My Comment: Good call. A Case for an "L" Shaped Recession has been presented.
Nevada had the highest U.S. foreclosure rate in March at one for every 139 households, almost four times the national rate, RealtyTrac said.

California had the second-highest rate at one filing for every 204 households, and the most filings for the 15th consecutive month at 64,711.

Florida had the third-highest rate, one filing for every 282 households, and ranked second in total filings at 30,254. Foreclosures increased 112 percent from a year earlier and decreased almost 7 percent from February, RealtyTrac said.

Ohio ranked third in filings at 11,273 and had the seventh- highest foreclosure rate, one for every 448 households.

Some borrowers are "hanging on at the margins" in the face of resets, said Mark Goldman, a loan officer at Windsor Capital Mortgage Corp. in San Diego.

"I've had people sitting in my office in tears because there are no loans available," said Goldman. "There are no loans for someone who's upside down on their house."
Attempting to "hang on" often makes little sense, except for the lender. That is why we are seeing Misinformation From Fannie and Freddie On Walking Away.

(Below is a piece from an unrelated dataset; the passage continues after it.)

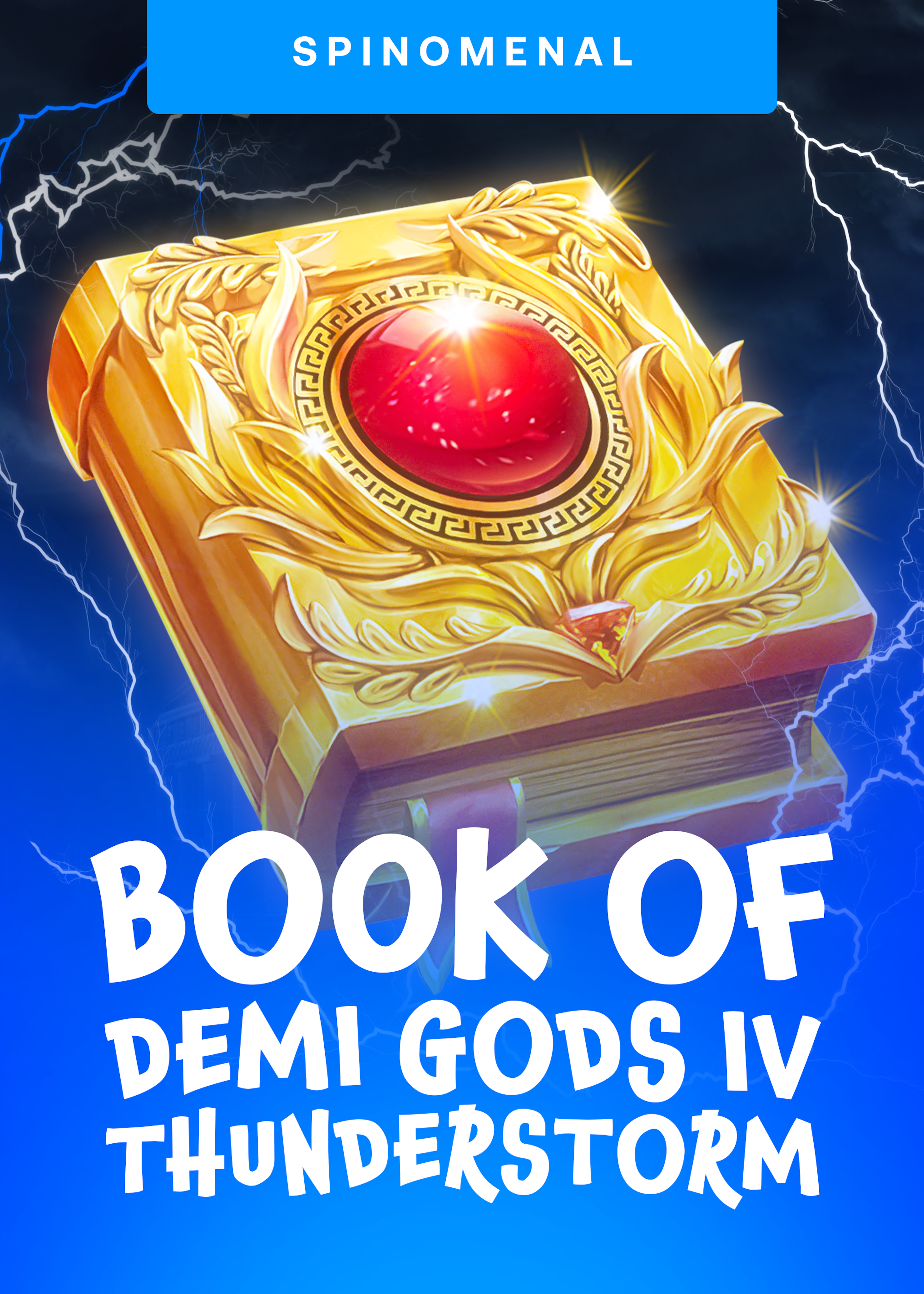 Book Of Demi Gods IV - Thunderstorm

California Attorney Chimes In

I have been in communication with "HCL", a California attorney over real estate law in California. HCL writes:
As a California real estate attorney I can tell you this:

1) Mortgage debt, whether it's a first or second loan, is nonrecourse if it is "purchase money", used initially to purchase the property;

2) Mortgage debt that exists due to a refinancing and/or to second loan taken out after purchase is recourse, but -- and it's a BIG but -- only if the lender elects to file a lawsuit for judicial foreclosure rather than going through the usual foreclosure process;

3) Suits for judicial foreclosure are in my experience of 28 years extremely rare, due mostly to the fact that any buyer at a judicial foreclosure sale has to give the foreclosed-upon party a full year to redeem the property. This of course is a complete deal-killer.

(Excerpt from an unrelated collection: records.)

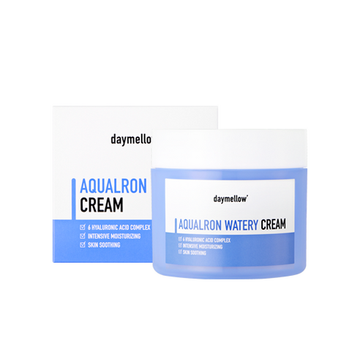 daymellow Aquaron Watery Cream 300g - Glamourous Grace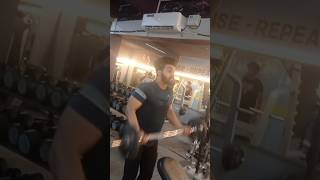 Biceps workout at gym 🏋 song hindisong gym gym motivation biceps gymworkout shortsfeed fit [upl. by Ydnik]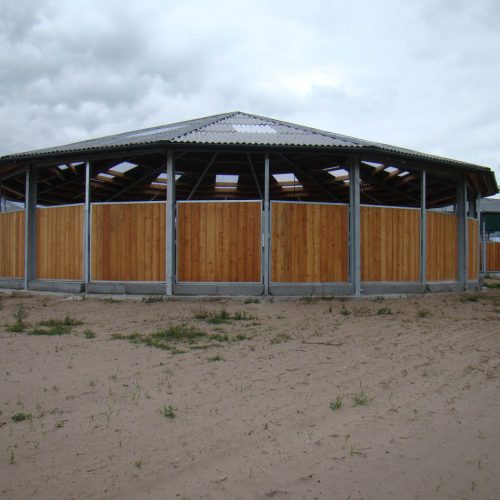 lonżowniki dla koni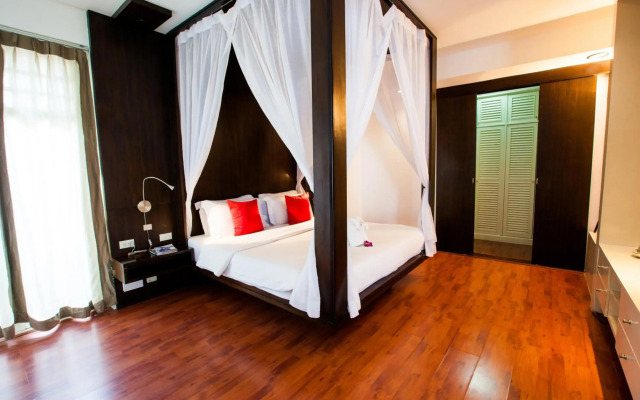 Pao Jin Poon Beach Front Villa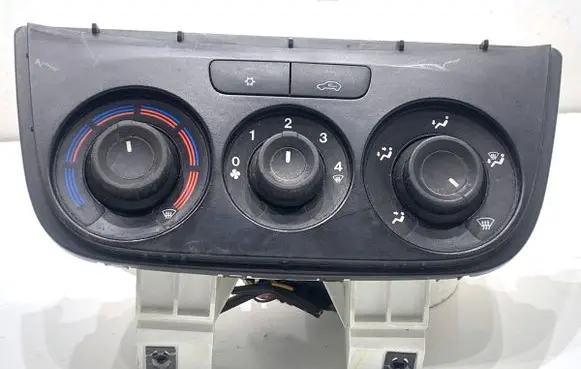 Fiat Doblo Interior fan control switch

An interesting side-note: California's anti-deficiency law originated during the Depression years, in order to place the burden of properly valuing real property and risk of loss on lenders (who presumably were more sophisticated and able to assess value) rather than buyers. Fast-forward to now, when it turns out that rampant greed prevented lenders from acting rationally in their own self interest. Now they are paying the price with walk-aways and "jingle mail".
If you can arrange a short sale that is preferable to walking away. But a short sale requires two things: 1) a buyer in hand 2) a lender willing to go along.

Furthermore, the short sale process takes time and there is a huge lack of qualified buyers.

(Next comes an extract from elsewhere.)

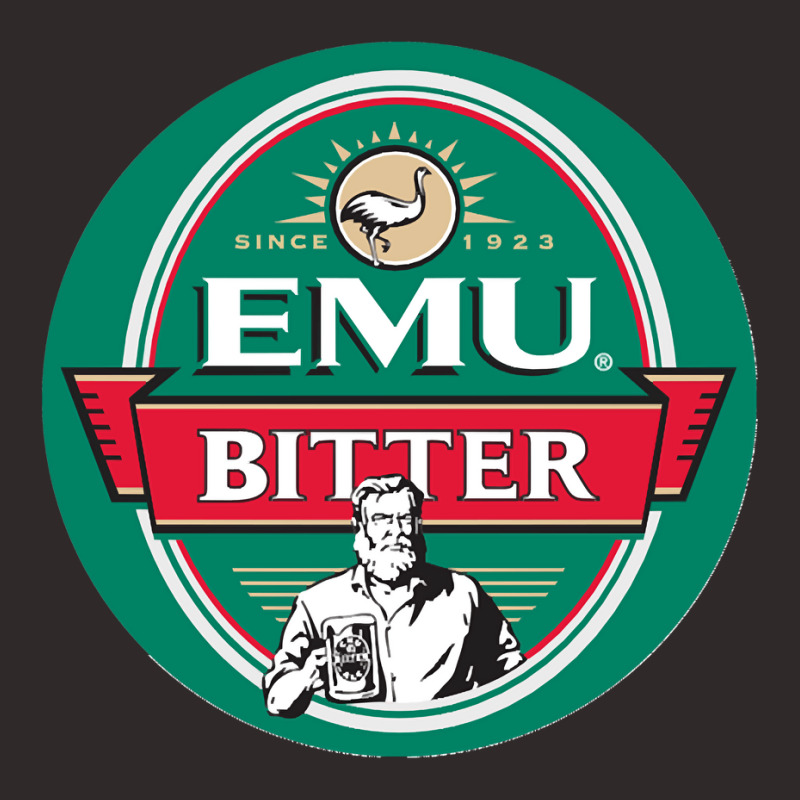 Emu Bitter Beer Local Beer Brewey Racerback Tank by cm-arts | Artistshot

Unsurprisingly, walking Away is picking up steam. California is the poster child. There is little Fannie or Freddie can do about it either.

If you are in agony over a pending decision to walk away, just remember, your moral obligation is not to Paulson or your lender, nor is there any patriotic duty to bankrupt yourself for benefit of others. Please don't blow your life savings, tap your IRA, or use credit card debt to forestall the inevitable. Your moral obligation is to yourself and your family. If it makes economic sense to walk, then walk.